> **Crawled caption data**

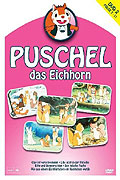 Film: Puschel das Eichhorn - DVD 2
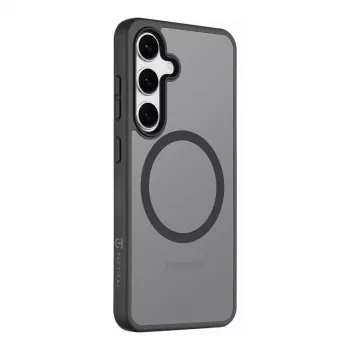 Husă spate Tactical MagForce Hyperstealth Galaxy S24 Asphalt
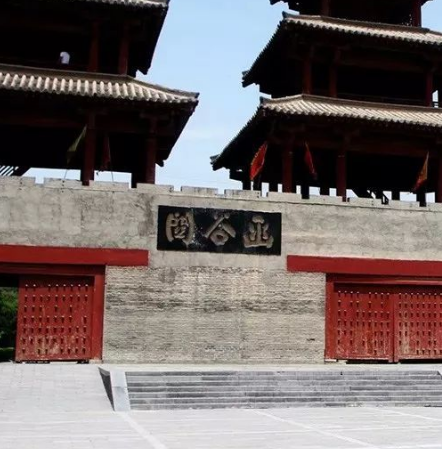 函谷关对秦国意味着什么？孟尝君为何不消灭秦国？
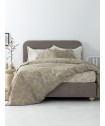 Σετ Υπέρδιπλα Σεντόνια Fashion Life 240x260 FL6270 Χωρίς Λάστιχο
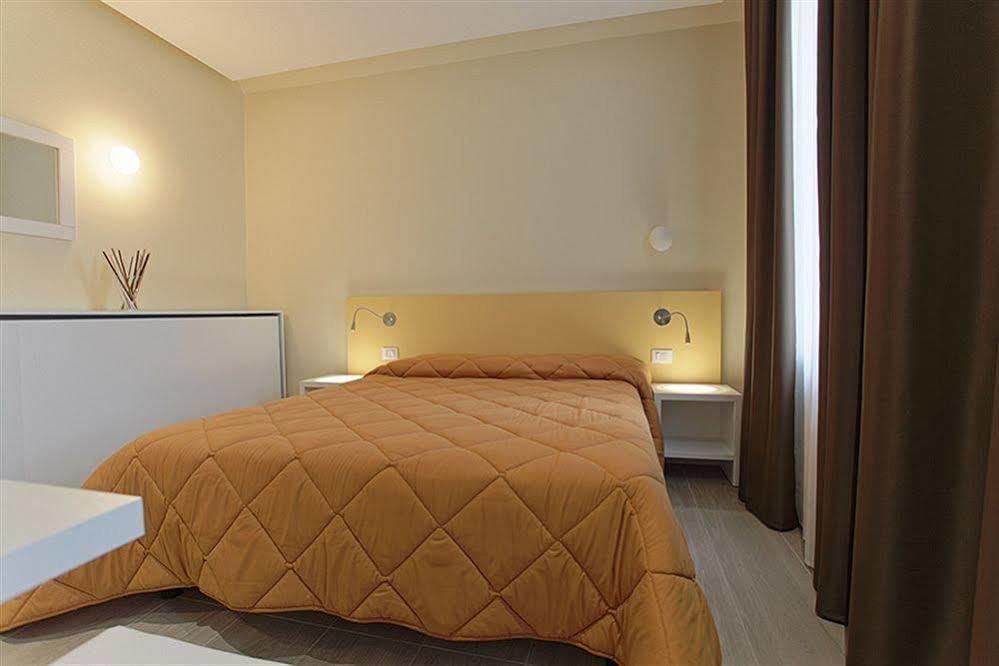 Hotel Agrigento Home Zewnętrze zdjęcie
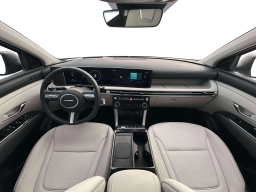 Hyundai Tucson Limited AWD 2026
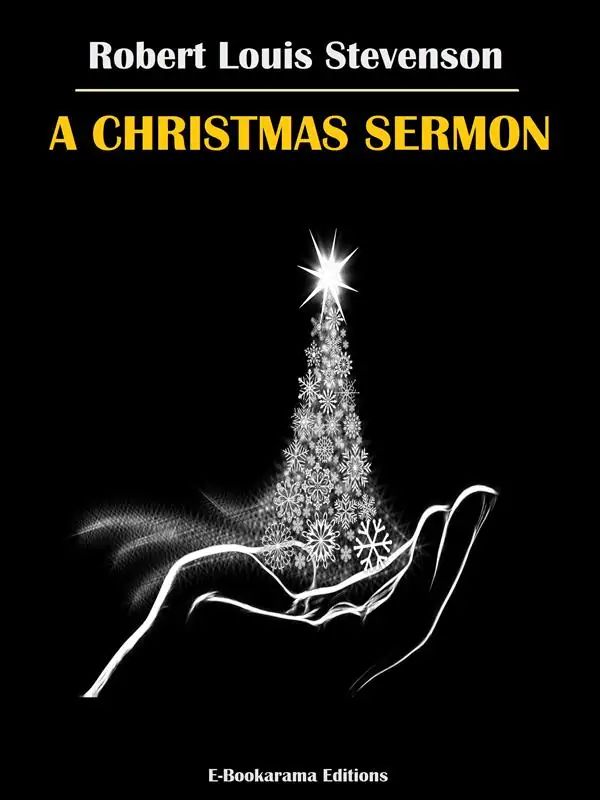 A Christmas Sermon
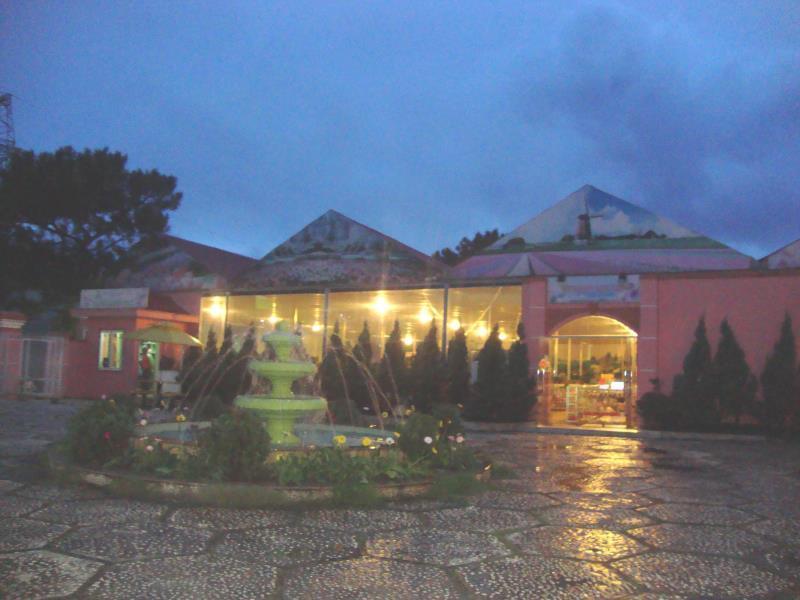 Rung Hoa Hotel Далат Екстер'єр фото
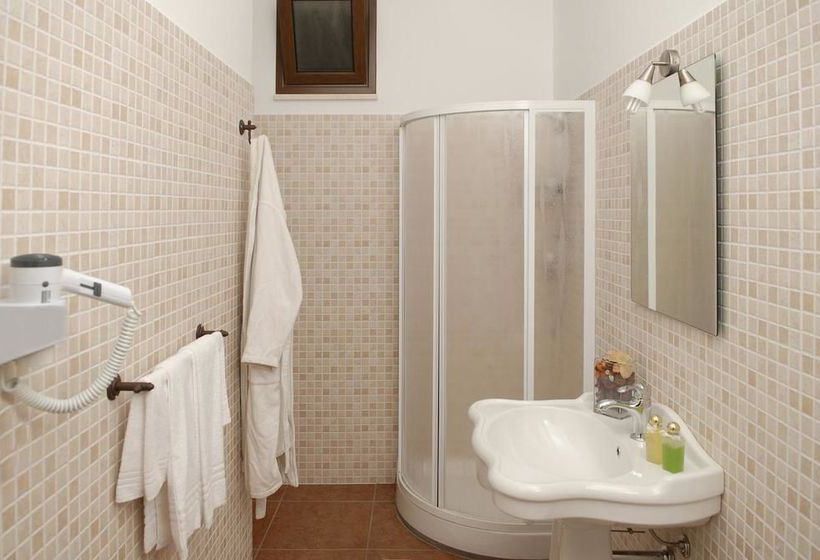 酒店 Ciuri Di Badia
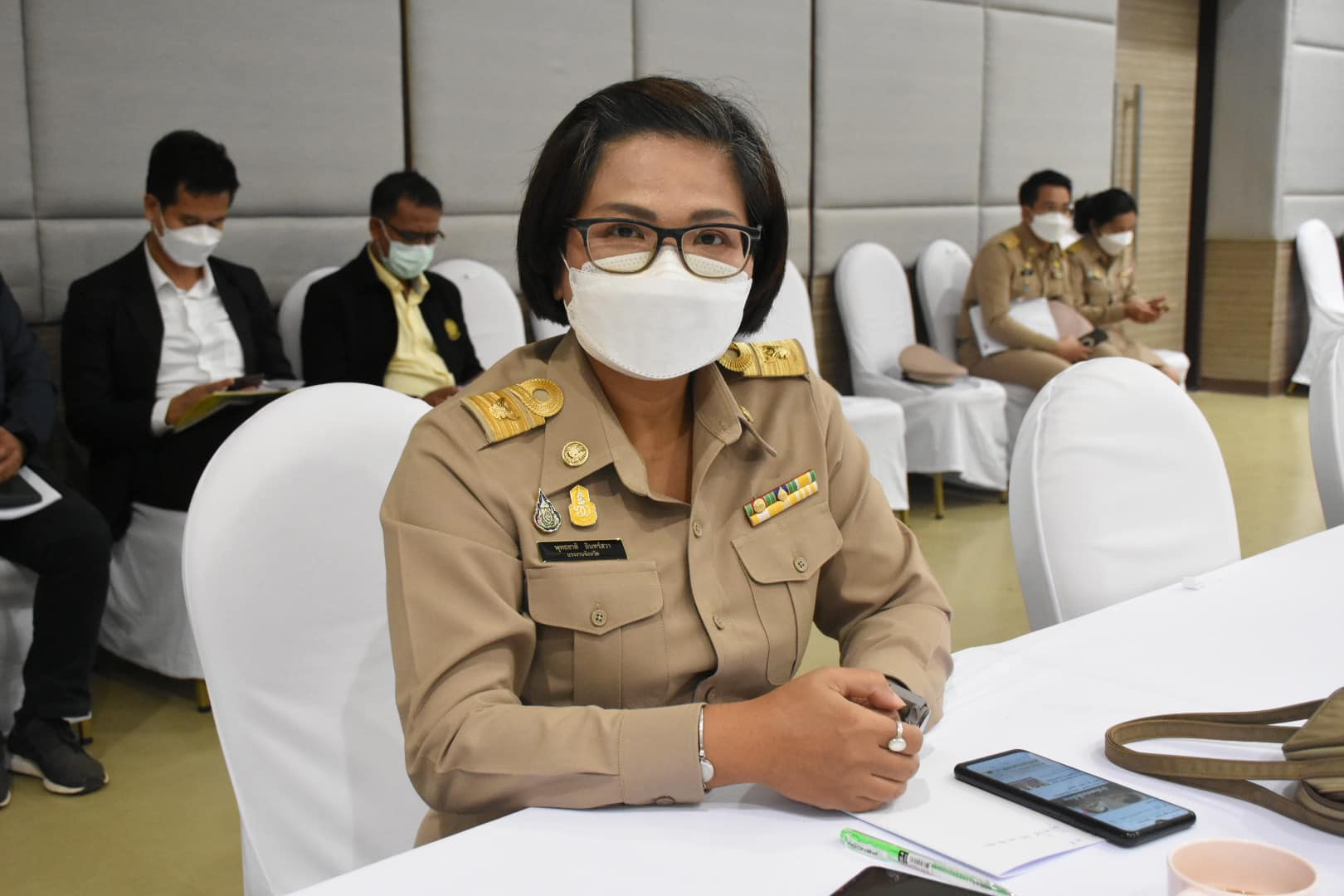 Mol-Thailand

> **The problem**
The copy should begin at the line containing "Husă spate Tactical" and end at the last line of the data above; please restate those lines word for word without the pictures.

> **Task output**
 Husă spate Tactical MagForce Hyperstealth Galaxy S24 Asphalt
 函谷关对秦国意味着什么？孟尝君为何不消灭秦国？
 Σετ Υπέρδιπλα Σεντόνια Fashion Life 240x260 FL6270 Χωρίς Λάστιχο
 Hotel Agrigento Home Zewnętrze zdjęcie
 Hyundai Tucson Limited AWD 2026
 A Christmas Sermon
 Rung Hoa Hotel Далат Екстер'єр фото
 酒店 Ciuri Di Badia
 Mol-Thailand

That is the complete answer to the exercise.